You've got the right idea about what I was trying to say. But this poem wasn't inspired by anything here. I was just thinking about her in general.
K William
Wed, 2017-10-25 12:13
Yes, I remember such times
Yes, I remember such times spent with grandparents, all smokers; so I enjoyed your poem, truly evocative of those people, all gone now like the yellowed walls. As a boy they seemed so terrifying and yet quietly heroic, considering, (all born in the 1920s) the events of their lives. Your imagery and language captures them so well.
Great choice of title, used ironically here I think, moving me as a I recall that famous image of the cowboy and the West, and all it represented. I think for us it seemed so exciting in Europe. I remember how sought after the cigarettes were visiting Prague in 1988, then the black market stalls selling American cigarettes in 1990, when everything had changed; it is an image I pondered again watching footage from Saigon in Ken Burn's Vietnam, shown here recently on the BBC.
Thank you.
Eumolpus
Wed, 2017-10-25 20:48
good poem indeed
The title, theme and logic all work with the images very physical and sensory.

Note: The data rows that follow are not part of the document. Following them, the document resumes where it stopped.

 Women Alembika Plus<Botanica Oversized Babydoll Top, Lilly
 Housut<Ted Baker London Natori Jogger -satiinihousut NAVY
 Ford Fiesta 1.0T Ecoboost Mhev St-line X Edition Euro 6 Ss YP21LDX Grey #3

I don't really count beats, poetry is not so much music where to be comprehensible the notes have to fill the bar or measure. But the work has an inner meter flow. In this poem it's like 3-5 beats, and if we read the poem using the lines as pauses to create the tempo (which is what we do with blank or free verse) these lines stick out and do not fit:
Blooming beneath the rice paper membrane of your skin
So the walls match your carcinogenic skin.

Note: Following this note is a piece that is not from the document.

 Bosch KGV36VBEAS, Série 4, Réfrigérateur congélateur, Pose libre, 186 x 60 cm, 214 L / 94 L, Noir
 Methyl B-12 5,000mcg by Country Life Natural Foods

Your grave adorned by the singed jewels of spent cigarettes
My take is these lines should be broken into two or reduced: examples only:
Beneath the rice paper of your skin
or
So that walls match the hues
Of your carcinogenic skin.
or
Your grave adorned by singed jewels
Of spent cigarettes
Just seems to me to fit the cadence of the words. But these are subtle issues, like commenting on the perspective of a drawing or the use of light...the painting has not lost its desired response.
Eumolpus
I'd rather learn from one bird how to sing
than teach ten thousand stars how not to dance
ee cummings
Rhiannon1010
Thu, 2017-10-26 03:57
Thank you
Thank you for pointing those issues out! I'll rework them and see how it turns out.
Geezer
Thu, 2017-10-26 20:28
There is nothing...
that I would add to the critique, but I want to say, that I enjoyed the poem as a whole and it did bring back memories of my grandmother and great-aunt; both smokers, and the walls of the huge apartment that they lived in being stained that nicotine-yellow from the many thousands of cigarettes smoked there by them and the other people that passed through those doors, aunts, uncles, father and so on... Nice work! ~ Gee.